The first reason has to do with the subject matter. Operation Cast Lead can be examined according to military-professional criteria, moral criteria, or diplomatic criteria. It must not be examined in line with international law criteria, as Goldstone wants, for the simple reason that it’s irrelevant. International law that pertains to wars is premised on three assumptions: The war pits states against each other, both sides deploy soldiers in uniform, and both sides are committed to the same codes. None of the above conditions was present in Gaza.

...

The second reason is the timing. Israel just handed over to the United Nations a detailed document that responds to each and every claim made by the Goldstone Report. Don’t we believe our own document?

The third reason is political. Those who appointed the Goldstone Committee are trying to push Israel into a situation whereby any effective military operation will be considered illegitimate. Goldstone specifically said that Israel can only utilize precise commando operations against the rocket threat. Adopting this approach completely contradicts the American interest. As opposed to the negative predictions, whereby the US won’t back us should we fail to establish a commission of inquiry, the US and other Western countries will be supporting us, if only because of their identical interests on this front.

The fourth reason is domestic. The Israeli public accepts the need for a commission of inquiry and even demands it when it turns out that the army’s and political leadership’s performance was disappointing (as was the case in the Yom Kippur War and in the Second Lebanon War,) or when genuine concerns emerge as to the army’s morality (as was the case in Sabra and Shalita.) The public will justifiably resist an inquiry aimed at appeasing the gentiles and placing the IDF at court for no good reason.
But the most important reason of all for rejecting a commission of inquiry is that a commission of inquiry won't change anything. The world doesn't want a commission of inquiry - it wants IDF soldiers court-martialed, kicked out of the army and put in jail so that the next time the IDF won't fight a war against terrorists because its officers won't want to risk their careers and their freedom to fight war that will result in their spending the rest of their natural lives in jail. The world wants a commission of inquiry so that the IDF will no longer be in the terror-fighting business, and therefore there will soon no longer be a Jewish state (God forbid). That's the real reason behind the calls for a commission of inquiry, led by a self-hating Jew who is willing to sacrifice his people for his own boundless personal ambition.

A commission of inquiry that confirms that IDF soldiers are innocent of war crimes will solve nothing.

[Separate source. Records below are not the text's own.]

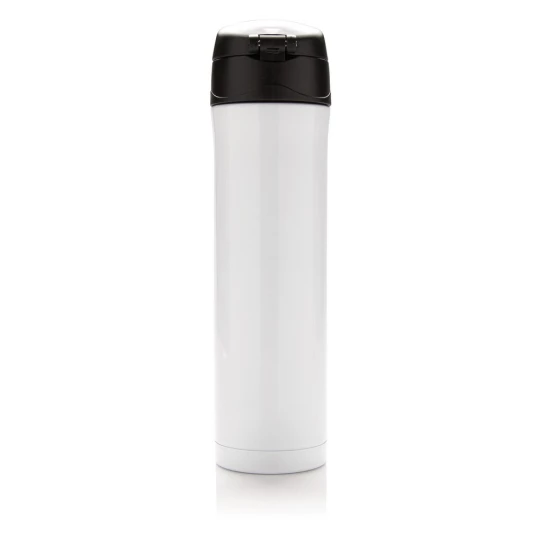 Kubek termiczny 450 ml, stal nierdzewna z recyklingu (P435.503)-1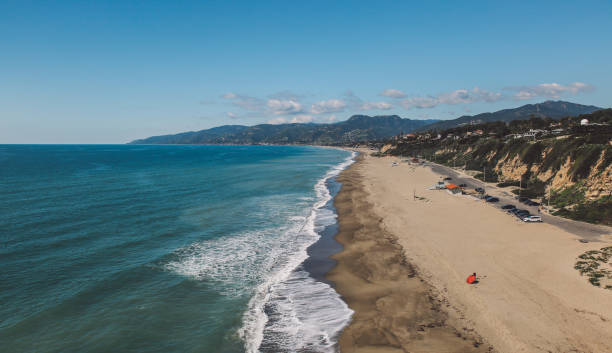 istock Panoramic View Of Beach Against Clear Blue Sky 755757737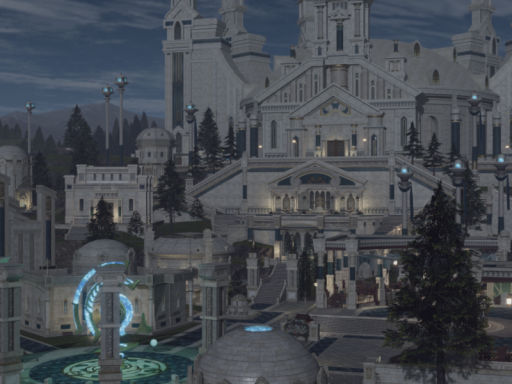 Old Sharlayan （Night）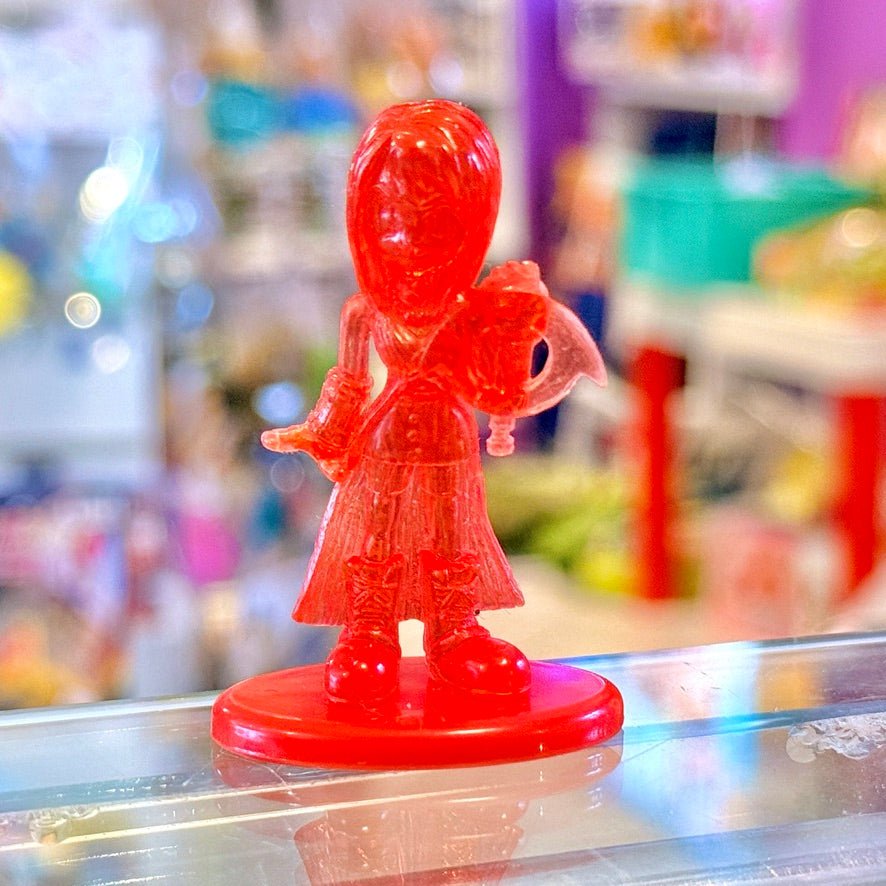 Final Fantasy x Coca Cola: Rinoa Heartilly - Crystal Red Mini Figure (Japan Exclusive, 2000s) - PopCultGang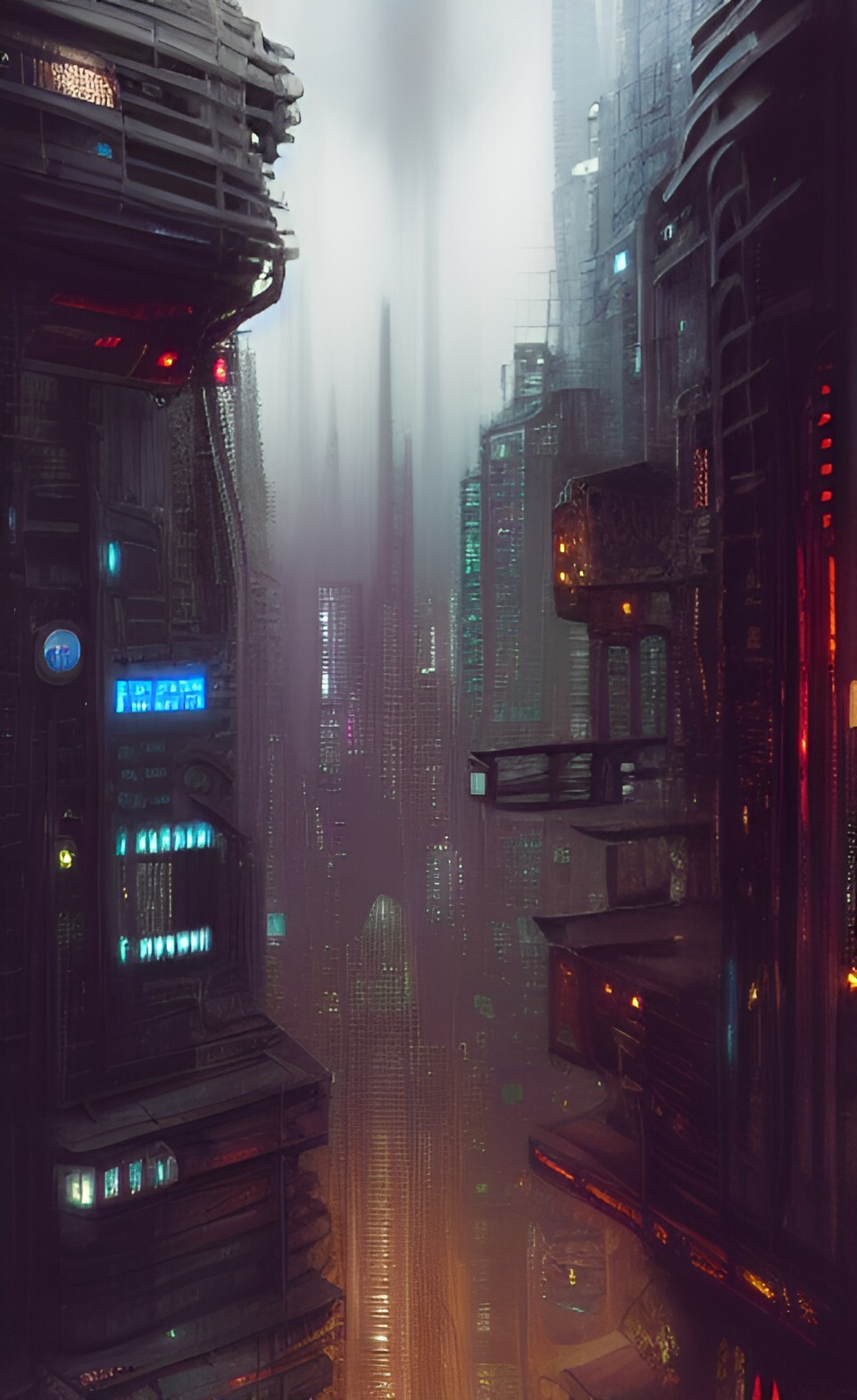 ArtStation - 1055 cyberpunk city 1900 jpg pack wombo art | Artworks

And that is why the calls for a commission of inquiry should be rejected.

3 Comments:

At 10:53 PM, Anonymous Anonymous said...

Israel should form a commission to investigate the Goldstone Commission.

 
At 11:17 PM, Blogger NormanF said...

As Shy Guy knows, the most important reason is Ehud Barak. He's dead set against it. I hope the Israeli government follows his lead on this one.

 
At 6:46 AM, Anonymous Anonymous said...

Norman, I think you misunderstood me.

Israel should NOT investigate itself. It should investigate Goldstone. Carl's been doing it.